In the South Block, mineralization is primarily hosted in granodiorite; however, the Pequi target is located at the northern contact of the granodiorite body to an amphibolite body to the north. While mineralization in the North Block is controlled by northwest-striking structural features, mineralization in the South Block appears to occur primarily where northwest-striking structures intersect with north-striking faults. Drilling as well as exposure in a large pit dug by garimpeiros shows two distinct mineralization directions. The first is steep, subvertical with a north-east strike. The second direction is shallow, dipping approximately 20 degrees to the southwest. These two directions can be seen in core as well and strongly influenced the modelling of the boundaries of the gold mineralization for the Grande deposit, which changed significantly from an earlier model. SRK expects that future drilling will refine further the understanding of the geology of the South Block.
There are two types of gold mineralization at Project - primary gold in intrusive rock and secondary gold in saprolitic rock. Both types of gold mineralization occur within a major shear zone. In general, the gold mineralization in bedrock occurs in zones of intense hydrothermal replacement and is associated with up to approximately five percent sulphides (pyrite and / or arsenopyrite) at Grota Seca and Ouro Verde. Specifically, mineralization styles are:
- Intense silicification with with up to five percent fine-grained sulphide (predominantly arsenopyrite) within strongly sheared diorite, such as at the Grota Seca area;
- Weak to moderate silicification in diorite with minor sulphides (mainly pyrite), such as at the Ouro Verde area; and
- Intensive silification overprinted by sulphide alteration (pyrite) and potassium alteration (sericitization and potassic feldspar formation), such as in the South Block area.
In all cases, the distribution of alteration assemblages and the replacement textures suggest evolution of fluid-rock alteration. The initial hydrothermal alteration involved silicification (quartz flooding) of the host diorite. Subsequent alteration included replacement by pyrite and/or arsenopyrite, followed by potassium feldspar alteration and sericitization.
Finally, all of the rocks in the area were subjected to carbonate alteration. This alteration is evidenced by the presence of numerous calcite veinlets in the diorite as well as in the metavolcanic rock.
Gold deposition is interpreted to be related to changes in local chemical conditions of mineralizing fluids in response to progressive fluid-rock interaction, which triggered sulphide precipitation. The sulphide content of the gold mineralization is low.

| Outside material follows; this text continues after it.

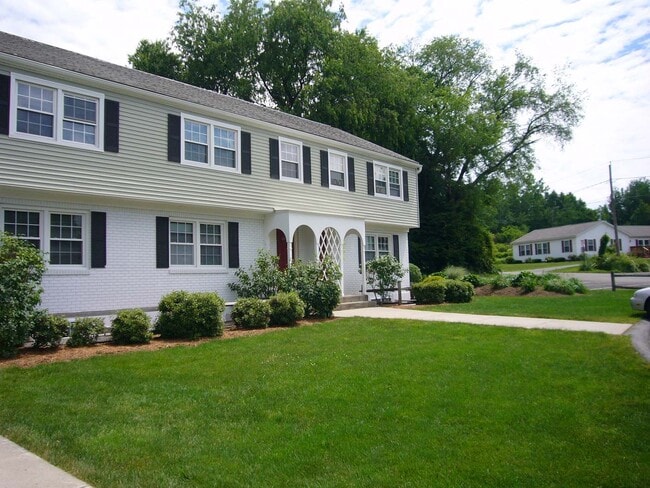 beautiful front and back yard - 20 Hobart Ln Unit 20 Hobart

Primary Gold Mineralization
Gold mineralization at the Project occurs primarily in intrusive rock, while subordinate mineralization occurs in saprolitic rock. Primary gold mineralization is associated with altered diorite within a 300 m wide alteration zone, which straddles the contact zone between the intrusive and the metasedimentary rock. Gold occurs in a stack of mineralized zones ranging in size from strike trends over 1 km long, depths from surface to approximately 400 m, with true thickness ranging up to 50 m.
The dip of the mineralized zones is generally moderate to steep (50° to 85°) to the south. Two large mineralized areas occur in the North Block: Ouro Verde in the northwestern portion of the block and Grota Seca in the southern portion.
Mineralization in the Ouro Verde area extends for approximately 1,100 m along an approximate northeast-southwest strike and extends to a vertical depth of 540 m below surface.
Mineralization in the Grota Seca area extends for approximately 2,900 m along a west to north-west trend and extends to a vertical depth of 400 m below surface.
Saprolite Gold Mineralization
Surficial weathering has resulted in an extensive saprolitic profile overlying the primary mineralization at the Project. In general, the thickness of the saprolitic material ranges from 3 m to 20 m. Locally the thickness can reach up to 45 m, as in the Ouro Verde area. Occasional outcrops of saprolitic material occur in the Project area.
Overburden thickness ranges from 3 m to more than 10 m. Typical lateritic and saprolitic profiles with gold mineralization are observed in the many small open pits as well as in diamond drill core.
The lateral transport of the gold in the surficial environment is caused by frequent changes in the water table in the rock and surficial alteration of the sulphides as well as the gangue minerals in the rock.
In general, the average grade of the lateritic material is lower than the saprolitic material, which is also lower grade than the primary mineralization underlying the saprolite. Occasionally, however, the saprolite may also contain high-grade intersections. These occurrences are generally due to mineralized quartz vein material, which is more resistant than the enclosing saprolitic rock; the quartz becomes enriched in the saprolite leading to increased gold values.
Typically, gold anomalies in laterite / saprolite extend beyond underlying mineralization in hard rock; however, in the Project area, the saprolitic zone gold mineralization does not appear to be much larger than the underlying primary mineralization in bedrock.